Stored entries:
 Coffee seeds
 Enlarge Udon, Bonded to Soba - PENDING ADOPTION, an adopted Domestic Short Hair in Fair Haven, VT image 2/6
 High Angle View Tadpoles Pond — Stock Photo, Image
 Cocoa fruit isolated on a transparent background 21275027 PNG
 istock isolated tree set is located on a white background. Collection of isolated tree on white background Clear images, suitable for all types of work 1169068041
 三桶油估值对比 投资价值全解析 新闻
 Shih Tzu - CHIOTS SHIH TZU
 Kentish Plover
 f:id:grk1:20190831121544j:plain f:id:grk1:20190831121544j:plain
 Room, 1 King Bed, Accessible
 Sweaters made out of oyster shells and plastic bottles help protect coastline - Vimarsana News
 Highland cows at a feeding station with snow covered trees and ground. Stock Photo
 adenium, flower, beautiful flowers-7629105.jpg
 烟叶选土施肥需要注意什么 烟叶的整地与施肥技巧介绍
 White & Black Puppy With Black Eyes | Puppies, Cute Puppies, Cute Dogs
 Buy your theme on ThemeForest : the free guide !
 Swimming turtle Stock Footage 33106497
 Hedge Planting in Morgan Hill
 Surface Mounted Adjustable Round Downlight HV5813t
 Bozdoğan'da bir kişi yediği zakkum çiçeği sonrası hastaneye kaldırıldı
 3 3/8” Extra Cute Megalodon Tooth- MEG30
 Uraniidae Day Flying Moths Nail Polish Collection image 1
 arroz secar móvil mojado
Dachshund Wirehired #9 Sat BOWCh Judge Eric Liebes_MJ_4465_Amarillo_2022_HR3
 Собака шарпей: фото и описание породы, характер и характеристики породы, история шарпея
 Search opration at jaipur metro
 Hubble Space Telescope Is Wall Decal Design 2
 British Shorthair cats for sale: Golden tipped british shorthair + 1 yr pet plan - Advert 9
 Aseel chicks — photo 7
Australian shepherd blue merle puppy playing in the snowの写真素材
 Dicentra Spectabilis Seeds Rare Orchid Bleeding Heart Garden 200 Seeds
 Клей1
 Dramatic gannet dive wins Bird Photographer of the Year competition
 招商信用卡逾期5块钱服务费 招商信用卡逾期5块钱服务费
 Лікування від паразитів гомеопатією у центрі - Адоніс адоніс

■ **HOW TO COMPLETE THIS TASK**
The answer must consist of the lines from the one with "Dramatic gannet dive" through the final line of the entries above, exactly as they are, and nothing else.

■ **RESPONSE TO THIS EXERCISE**
 Dramatic gannet dive wins Bird Photographer of the Year competition
 招商信用卡逾期5块钱服务费 招商信用卡逾期5块钱服务费
 Лікування від паразитів гомеопатією у центрі - Адоніс адоніс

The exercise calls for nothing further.